Editor's note: Since the 1990s when China started to deregulate its housing sector, the push towards a more privatized real estate market has brought both pros and cons. Recently, a leading Professor from Renmin University, wrote an article on his blog questioning the validity of real estate and land pricing. What follows is a direct translation.
On Wednesday, Lu Xinshe, vice-minister of Land and Resources, released a MLR report on prices of land. The report, based on a survey on 620 real estate projects across the country, claims that, in average, land costs only account for 23.2 percent of the real estate prices, lower than many countries such as the US, the UK, Japan, South Korea and Singapore.
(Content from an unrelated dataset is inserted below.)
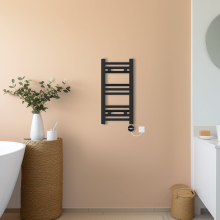 (Black, 600x300mm) NRG Prefilled Thermostatic Electric Straight Heated Towel Rail Radiator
It implies that land prices cannot be blamed for the rocketing costs of housing.
However, if the methods of the survey are looked at closely, we see it did not follow statistical rules and scientific methodology.
Though the Ministry of Land and Resources said it had surveyed 620 projects, for a country as vast as China, they should have polled at least thousands of samples. The methods of sampling are not revealed, too, leading to more doubts on whether it could reflect the whole picture of China's real estate market.
Another flaw in the method of conducting the survey was that the ministry sent out forms to local authorities and real estate developers to fill in information about land prices.
To offer a trustworthy report on the land and housing prices, the best way is to commission an independent non-governmental agency or agencies to conduct the survey. Since independent agencies are not stakeholders in the real estate market, their surveys should be relatively authentic and reliable.
A non-governmental organization released a similar report on land and housing prices in March.
The All-China Federation of Industry and Commerce released its survey results, which showed land prices accounted for 58.2 percent of the housing costs.
Judging from common sense and experience, the figure seemed closer to reality.
The survey should also consider the regional imbalance of housing prices. In many metropolises, such as Beijing, Shanghai, Guangzhou, Shenzhen and Hangzhou, housing prices have become unaffordable for families with low and medium incomes. Separate figures for these cities should be recorded and made public.